## Problem to solve:
In the entries below, find the line with "i1700328551_2758_2 Dior Hit the Road handbag" and print exactly every line from there up to and including the line with "Used 2020 Summit", with no other lines.

• • • • • • •

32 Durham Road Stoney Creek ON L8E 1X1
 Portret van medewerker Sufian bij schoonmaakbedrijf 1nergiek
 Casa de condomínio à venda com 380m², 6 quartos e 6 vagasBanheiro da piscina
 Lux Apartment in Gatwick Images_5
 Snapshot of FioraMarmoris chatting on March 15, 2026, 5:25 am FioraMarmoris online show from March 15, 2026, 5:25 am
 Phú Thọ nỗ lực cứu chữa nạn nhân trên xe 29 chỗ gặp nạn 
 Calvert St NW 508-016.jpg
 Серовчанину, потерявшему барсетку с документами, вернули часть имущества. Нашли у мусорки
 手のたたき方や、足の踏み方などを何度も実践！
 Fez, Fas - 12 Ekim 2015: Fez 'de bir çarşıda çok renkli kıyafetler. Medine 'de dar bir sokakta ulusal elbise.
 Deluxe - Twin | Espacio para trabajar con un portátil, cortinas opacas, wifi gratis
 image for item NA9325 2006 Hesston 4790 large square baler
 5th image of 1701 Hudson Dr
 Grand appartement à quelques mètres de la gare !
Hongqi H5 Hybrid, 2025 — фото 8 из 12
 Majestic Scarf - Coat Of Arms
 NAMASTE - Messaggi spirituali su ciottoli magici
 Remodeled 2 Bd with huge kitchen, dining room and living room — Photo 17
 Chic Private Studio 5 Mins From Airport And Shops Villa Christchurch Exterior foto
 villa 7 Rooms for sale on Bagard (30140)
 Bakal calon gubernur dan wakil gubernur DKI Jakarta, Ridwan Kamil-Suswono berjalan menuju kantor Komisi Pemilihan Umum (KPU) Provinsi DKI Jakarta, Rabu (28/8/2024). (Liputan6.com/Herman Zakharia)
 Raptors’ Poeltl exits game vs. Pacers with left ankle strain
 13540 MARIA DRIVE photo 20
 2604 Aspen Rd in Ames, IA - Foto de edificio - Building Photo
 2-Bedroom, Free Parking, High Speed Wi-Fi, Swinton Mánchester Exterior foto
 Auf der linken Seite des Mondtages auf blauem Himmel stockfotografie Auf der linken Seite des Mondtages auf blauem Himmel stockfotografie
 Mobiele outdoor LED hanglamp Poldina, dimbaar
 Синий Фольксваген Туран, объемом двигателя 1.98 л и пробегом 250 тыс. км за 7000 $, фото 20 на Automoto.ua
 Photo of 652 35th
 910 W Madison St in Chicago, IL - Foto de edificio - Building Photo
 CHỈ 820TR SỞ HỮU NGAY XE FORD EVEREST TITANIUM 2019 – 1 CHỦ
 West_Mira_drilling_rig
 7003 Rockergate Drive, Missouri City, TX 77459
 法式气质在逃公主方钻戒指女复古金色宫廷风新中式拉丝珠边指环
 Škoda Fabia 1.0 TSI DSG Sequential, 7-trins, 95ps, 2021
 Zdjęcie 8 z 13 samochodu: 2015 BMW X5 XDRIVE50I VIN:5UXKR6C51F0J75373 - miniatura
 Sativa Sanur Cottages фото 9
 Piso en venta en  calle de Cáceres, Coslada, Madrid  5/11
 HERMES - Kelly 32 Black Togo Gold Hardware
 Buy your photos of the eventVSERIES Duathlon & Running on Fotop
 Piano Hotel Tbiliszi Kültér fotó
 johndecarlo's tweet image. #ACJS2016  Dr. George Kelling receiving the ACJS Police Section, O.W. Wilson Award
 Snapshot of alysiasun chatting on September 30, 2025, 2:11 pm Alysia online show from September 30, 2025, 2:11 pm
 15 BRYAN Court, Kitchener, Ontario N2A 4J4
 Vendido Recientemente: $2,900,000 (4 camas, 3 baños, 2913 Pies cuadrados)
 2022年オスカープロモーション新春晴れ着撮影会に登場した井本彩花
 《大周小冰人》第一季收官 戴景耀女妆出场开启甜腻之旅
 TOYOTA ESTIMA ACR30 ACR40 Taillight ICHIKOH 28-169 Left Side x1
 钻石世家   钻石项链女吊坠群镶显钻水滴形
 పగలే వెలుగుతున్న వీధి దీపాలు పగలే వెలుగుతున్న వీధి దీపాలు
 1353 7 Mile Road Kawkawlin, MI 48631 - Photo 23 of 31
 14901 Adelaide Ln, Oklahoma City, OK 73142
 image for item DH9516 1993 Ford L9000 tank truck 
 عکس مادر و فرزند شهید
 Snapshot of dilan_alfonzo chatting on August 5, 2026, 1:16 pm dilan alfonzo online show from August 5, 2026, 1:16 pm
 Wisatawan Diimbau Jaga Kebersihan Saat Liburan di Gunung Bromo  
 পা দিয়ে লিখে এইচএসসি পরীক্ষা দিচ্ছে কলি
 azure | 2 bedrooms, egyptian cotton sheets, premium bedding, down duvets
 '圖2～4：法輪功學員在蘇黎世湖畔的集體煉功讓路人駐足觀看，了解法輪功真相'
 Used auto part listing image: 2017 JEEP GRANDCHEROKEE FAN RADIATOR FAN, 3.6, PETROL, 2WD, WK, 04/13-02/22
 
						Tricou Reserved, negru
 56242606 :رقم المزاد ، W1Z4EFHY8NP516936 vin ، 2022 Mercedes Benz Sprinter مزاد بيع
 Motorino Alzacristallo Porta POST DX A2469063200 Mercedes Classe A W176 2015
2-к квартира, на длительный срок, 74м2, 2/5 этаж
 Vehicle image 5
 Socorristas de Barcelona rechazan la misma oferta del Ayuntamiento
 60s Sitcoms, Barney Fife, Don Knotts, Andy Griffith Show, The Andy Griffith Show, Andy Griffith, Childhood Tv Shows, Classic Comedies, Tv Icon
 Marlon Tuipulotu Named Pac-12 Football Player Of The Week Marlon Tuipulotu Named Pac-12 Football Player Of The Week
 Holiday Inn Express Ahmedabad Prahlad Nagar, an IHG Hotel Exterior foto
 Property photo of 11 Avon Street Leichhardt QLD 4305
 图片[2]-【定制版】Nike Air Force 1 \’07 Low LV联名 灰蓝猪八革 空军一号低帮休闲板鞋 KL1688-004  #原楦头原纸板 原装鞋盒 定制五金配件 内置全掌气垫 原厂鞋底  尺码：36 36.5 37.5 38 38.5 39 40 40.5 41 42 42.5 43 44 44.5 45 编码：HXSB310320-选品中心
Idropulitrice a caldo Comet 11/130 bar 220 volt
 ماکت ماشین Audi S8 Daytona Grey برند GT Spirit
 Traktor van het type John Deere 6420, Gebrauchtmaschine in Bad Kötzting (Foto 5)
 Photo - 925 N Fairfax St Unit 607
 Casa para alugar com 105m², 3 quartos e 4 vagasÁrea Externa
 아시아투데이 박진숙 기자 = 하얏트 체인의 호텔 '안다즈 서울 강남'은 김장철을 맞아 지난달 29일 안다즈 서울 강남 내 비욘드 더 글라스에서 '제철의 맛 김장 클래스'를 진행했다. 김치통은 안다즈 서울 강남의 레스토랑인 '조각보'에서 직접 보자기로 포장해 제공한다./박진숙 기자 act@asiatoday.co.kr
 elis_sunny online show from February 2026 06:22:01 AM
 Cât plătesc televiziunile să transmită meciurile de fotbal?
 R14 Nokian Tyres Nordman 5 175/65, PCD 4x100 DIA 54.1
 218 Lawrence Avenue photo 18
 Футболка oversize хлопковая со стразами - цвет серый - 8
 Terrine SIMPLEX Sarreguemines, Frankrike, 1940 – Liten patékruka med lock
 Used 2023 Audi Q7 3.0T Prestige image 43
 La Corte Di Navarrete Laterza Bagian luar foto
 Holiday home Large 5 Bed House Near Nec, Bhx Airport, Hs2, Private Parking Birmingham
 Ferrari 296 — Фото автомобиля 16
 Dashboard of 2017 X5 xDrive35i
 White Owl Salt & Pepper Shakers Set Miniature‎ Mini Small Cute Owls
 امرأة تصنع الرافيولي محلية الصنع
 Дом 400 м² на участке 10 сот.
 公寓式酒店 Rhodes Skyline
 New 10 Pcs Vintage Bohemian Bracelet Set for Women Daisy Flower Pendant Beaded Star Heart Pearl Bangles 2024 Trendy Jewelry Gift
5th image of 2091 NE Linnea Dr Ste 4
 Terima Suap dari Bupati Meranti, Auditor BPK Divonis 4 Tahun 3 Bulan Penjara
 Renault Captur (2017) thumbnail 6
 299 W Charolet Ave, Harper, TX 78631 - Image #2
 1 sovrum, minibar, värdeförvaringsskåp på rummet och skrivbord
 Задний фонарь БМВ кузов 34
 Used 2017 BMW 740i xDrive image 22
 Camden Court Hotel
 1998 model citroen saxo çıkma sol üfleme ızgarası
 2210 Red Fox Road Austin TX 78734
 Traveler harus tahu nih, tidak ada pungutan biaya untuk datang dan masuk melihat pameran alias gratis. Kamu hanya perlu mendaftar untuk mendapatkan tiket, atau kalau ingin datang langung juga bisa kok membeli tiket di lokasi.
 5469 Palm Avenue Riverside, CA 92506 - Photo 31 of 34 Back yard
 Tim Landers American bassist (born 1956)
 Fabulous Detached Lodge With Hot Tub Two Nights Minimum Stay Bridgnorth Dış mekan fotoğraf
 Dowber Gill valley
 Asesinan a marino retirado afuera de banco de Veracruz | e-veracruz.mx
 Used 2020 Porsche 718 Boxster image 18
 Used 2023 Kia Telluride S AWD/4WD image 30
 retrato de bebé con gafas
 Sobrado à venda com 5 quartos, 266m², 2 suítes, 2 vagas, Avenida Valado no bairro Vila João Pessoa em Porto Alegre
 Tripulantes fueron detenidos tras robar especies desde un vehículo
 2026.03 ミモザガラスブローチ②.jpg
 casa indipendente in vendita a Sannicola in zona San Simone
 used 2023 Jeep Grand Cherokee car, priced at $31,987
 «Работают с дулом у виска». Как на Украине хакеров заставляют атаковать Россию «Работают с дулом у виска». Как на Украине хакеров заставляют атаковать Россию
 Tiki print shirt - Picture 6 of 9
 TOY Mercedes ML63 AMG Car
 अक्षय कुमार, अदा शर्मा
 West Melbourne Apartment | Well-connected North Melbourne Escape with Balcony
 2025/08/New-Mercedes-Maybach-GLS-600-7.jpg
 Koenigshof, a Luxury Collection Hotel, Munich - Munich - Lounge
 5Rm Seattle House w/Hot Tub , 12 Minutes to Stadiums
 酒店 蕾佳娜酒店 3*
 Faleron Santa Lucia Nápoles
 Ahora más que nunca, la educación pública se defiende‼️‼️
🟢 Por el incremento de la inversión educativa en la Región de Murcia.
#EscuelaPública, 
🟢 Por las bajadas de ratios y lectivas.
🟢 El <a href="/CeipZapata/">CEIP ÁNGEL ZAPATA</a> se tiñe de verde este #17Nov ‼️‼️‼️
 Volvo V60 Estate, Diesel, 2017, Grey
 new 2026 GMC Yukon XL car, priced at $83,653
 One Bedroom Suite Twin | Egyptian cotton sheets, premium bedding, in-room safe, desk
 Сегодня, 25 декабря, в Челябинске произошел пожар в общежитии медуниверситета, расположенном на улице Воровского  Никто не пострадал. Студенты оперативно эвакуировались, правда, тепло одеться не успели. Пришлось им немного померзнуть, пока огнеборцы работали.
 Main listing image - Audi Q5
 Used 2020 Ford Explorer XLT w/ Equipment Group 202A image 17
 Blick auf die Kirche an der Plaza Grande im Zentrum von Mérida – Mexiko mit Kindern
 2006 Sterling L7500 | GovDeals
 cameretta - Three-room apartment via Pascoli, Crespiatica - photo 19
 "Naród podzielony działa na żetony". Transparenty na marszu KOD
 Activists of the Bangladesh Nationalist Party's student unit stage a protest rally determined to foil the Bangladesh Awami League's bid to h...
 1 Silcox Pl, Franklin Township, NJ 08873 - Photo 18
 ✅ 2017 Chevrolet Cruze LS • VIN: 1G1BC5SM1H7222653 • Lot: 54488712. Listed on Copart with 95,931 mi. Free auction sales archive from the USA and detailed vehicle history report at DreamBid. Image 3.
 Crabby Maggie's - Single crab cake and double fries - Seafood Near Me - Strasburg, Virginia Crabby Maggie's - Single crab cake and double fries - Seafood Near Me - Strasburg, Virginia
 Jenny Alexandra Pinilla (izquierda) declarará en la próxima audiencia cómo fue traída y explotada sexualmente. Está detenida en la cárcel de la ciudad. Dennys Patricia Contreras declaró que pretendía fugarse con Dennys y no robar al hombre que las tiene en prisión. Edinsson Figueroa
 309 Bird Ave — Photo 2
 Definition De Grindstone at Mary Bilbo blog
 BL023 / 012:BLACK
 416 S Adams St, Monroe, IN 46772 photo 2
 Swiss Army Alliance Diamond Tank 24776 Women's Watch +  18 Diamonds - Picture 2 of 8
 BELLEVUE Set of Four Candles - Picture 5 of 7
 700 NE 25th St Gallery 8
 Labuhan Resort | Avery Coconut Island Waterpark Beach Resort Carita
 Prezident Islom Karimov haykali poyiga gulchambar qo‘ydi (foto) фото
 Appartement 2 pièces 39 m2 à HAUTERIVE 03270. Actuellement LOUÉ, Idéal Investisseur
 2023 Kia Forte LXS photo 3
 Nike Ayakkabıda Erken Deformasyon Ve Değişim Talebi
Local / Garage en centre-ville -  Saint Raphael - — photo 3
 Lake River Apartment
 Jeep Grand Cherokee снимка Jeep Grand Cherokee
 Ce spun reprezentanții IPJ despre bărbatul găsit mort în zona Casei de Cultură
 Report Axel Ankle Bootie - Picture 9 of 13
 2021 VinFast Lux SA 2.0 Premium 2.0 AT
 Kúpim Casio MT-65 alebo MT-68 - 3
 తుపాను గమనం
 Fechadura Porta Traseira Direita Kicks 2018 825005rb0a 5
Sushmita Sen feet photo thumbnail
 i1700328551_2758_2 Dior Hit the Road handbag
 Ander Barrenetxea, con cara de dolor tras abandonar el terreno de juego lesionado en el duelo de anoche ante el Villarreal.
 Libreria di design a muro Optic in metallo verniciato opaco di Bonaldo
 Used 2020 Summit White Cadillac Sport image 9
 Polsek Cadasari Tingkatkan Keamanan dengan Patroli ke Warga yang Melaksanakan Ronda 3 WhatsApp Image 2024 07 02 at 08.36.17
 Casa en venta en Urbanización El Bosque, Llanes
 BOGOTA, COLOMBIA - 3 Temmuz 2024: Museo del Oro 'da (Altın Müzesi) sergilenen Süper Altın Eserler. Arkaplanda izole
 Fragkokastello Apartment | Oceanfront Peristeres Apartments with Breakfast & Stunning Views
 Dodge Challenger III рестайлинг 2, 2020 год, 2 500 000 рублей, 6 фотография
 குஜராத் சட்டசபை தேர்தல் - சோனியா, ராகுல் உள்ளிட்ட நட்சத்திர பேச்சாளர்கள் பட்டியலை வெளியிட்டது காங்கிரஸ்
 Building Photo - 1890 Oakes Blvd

• • • • • • •

## Exercise answer:
 i1700328551_2758_2 Dior Hit the Road handbag
 Ander Barrenetxea, con cara de dolor tras abandonar el terreno de juego lesionado en el duelo de anoche ante el Villarreal.
 Libreria di design a muro Optic in metallo verniciato opaco di Bonaldo
 Used 2020 Summit White Cadillac Sport image 9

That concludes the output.